TLDR; If you’re familiar with concepts of Threads and Pooling them, you can skip right over to the CompletableFuture’s section, as these are the most common tasks run nowadays and can run their own pool if you don’t want to use the default ForkJoinPool.commonPool
In this tutorial we will discuss all things concurrent in Java (in the package lol).
Firstly, let’s discuss what a thread is, in lament terms a thread is an execution sequence that ultimately will come to an end unless we instruct otherwise, by ‘blocking’ the thread somehow, whether this be with a while loop which never ends or other means.
Threads effectively ‘live’ inside of a process, and a process provides a shared memory space for all subsequent threads that are executed within it.
Each component of a process is detailed below:
Stack — Is a linear collective and fixed data structure, whether that be an Array, LinkedList, or something akin to this sort, that stores information about the active subroutines. In a nutshell, it can be commonly thought of as a stack of references to either:
A) Heap Object a.k.a., reference types, stored on the heap,
B) Struct Objects a.k.a., primitive types, stored on the stack itself.
Registers — An integral piece of the computer processor (CPU). A register may hold an instruction, a storage address, or other kind of data needed by the process to orchestrate execution. I suppose there is technically an additional step, known as the “Counter”, but we won’t worry about that, nor registers really.

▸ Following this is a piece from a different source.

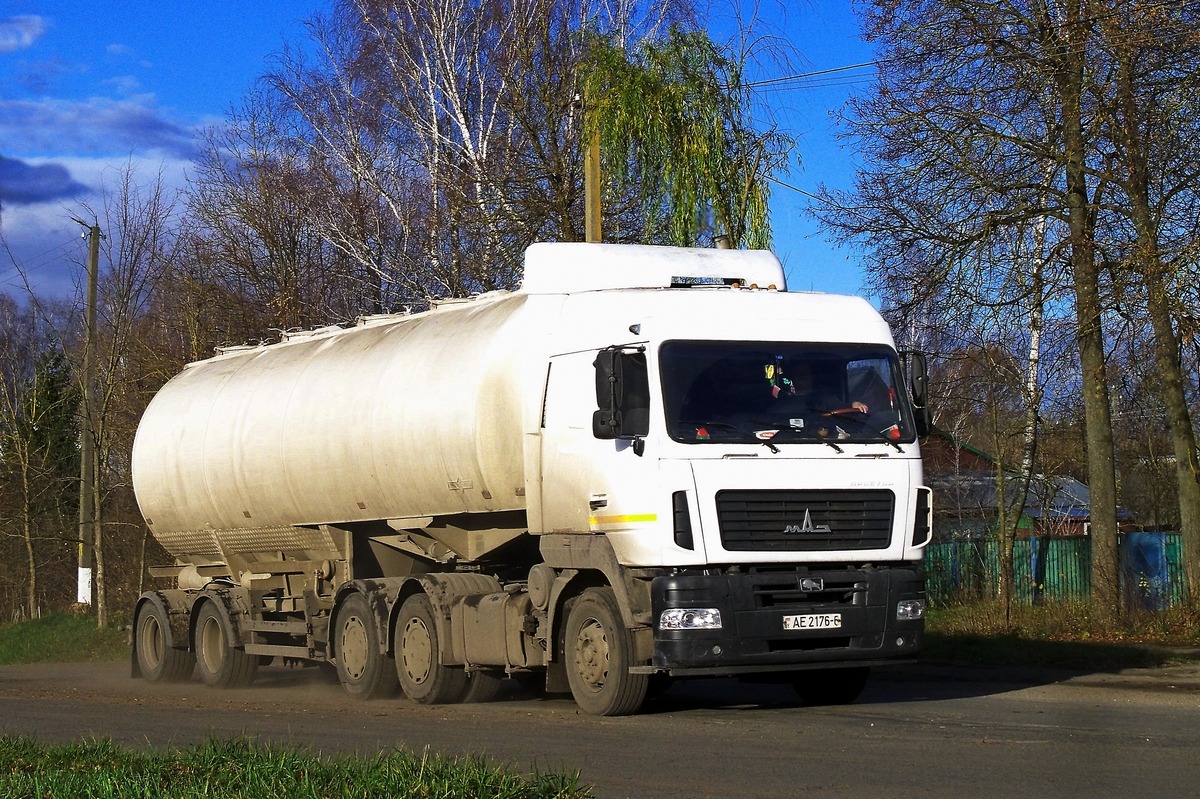 Могилёвская область, № АЕ 2176-6 — МАЗ-6430 (общая модель)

Heap — Holds reference objects for the stack, mutable dynamically allocated pieces of memory, in a hierarchical structure, it has no specific fixed size either collectively or physically.

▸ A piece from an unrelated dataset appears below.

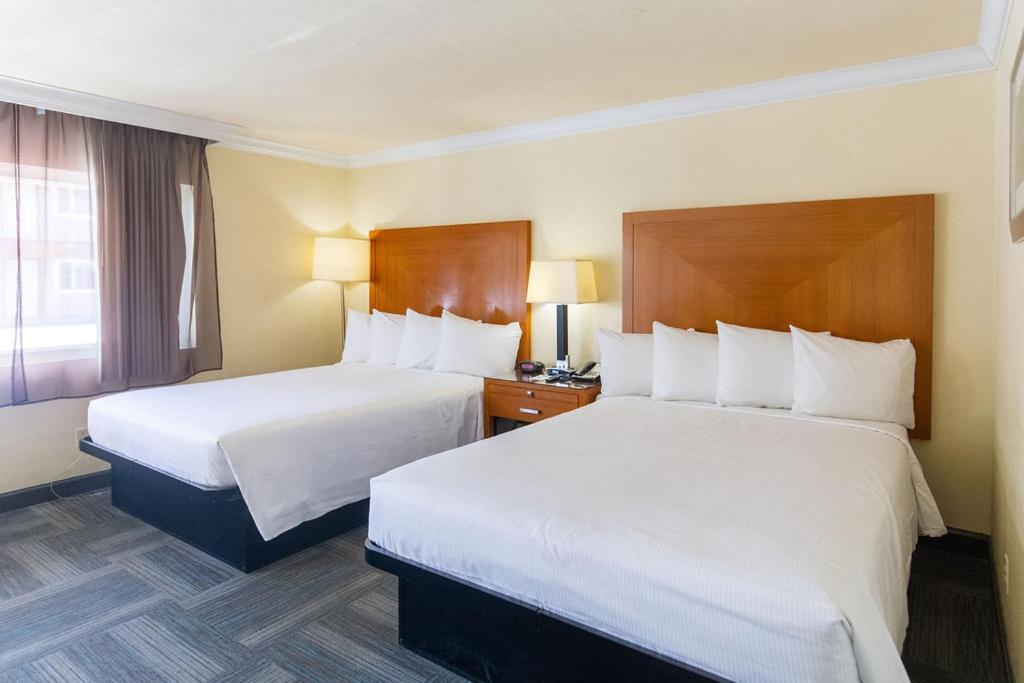 Queen Room with Two Queen Beds - Photo 14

Thread — A sequence of execution with a finite lifecycle, it has a beginning and an ending, and will execute until complete or instructed otherwise.
In the image above, we notice that in the multi-threaded example, the heap memory is shared between them. This is crucial to our discussion of concurrency. As this means that multiple threads can access the same reference type at a time and that can lead to some ugly problems if not managed properly. But fear not, Java has us covered and you’ll see soon enough!
There is technically another form of concurrency known as multi-processing in which we have multiple process, however, we will not be discussing multi-processing as a part of this guide.
When writing a program in any language, usually, the entry point whether that be the ‘main’ method or an entry script such as ‘index.js’ will de facto create a ‘main’ thread, this is our primary execution thread in which we will spawn subsequent threads from.
The Thread Scheduler
Each Java thread is given a numeric priority between MIN_PRIORITY and MAX_PRIORITY (constants defined in the Thread class). At any given time, when multiple threads are ready to be executed, the thread with the highest priority is chosen for execution. (From IITK)
In short, threads don’t always run parallel to each other, and when they don’t, how do we relay to the JVM that we want N thread to run in our pool of say 8 Logical processing units? Thread Priority — Simply modifying this flag will indicate to the JVM that we wish a particular thread to run over another with lesser priority.
If two threads have the same priority, the JVM will follow First-In-First-Out principle, so whoever was registered first will go first.
Now we’re familiar with the scheduler, what a process is, and how a thread sits into these constructs, let’s create one.
Extending the Thread Class
The first way to create a thread is simply extending the built in Thread class:
The run method is often referred to as the task that this thread will complete. Upon calling .start(), internally, the thread will call .run() on a separate thread. I used the static member ‘currentThread’ to identify which thread the sysout is executing within. As we can see, within the run method it is identified as ‘Thread-0’ and in our main method it is ‘main’.
One thing to note, the run method must and only can return void, we will see additional features provided by Java 8 soon which combat this issue.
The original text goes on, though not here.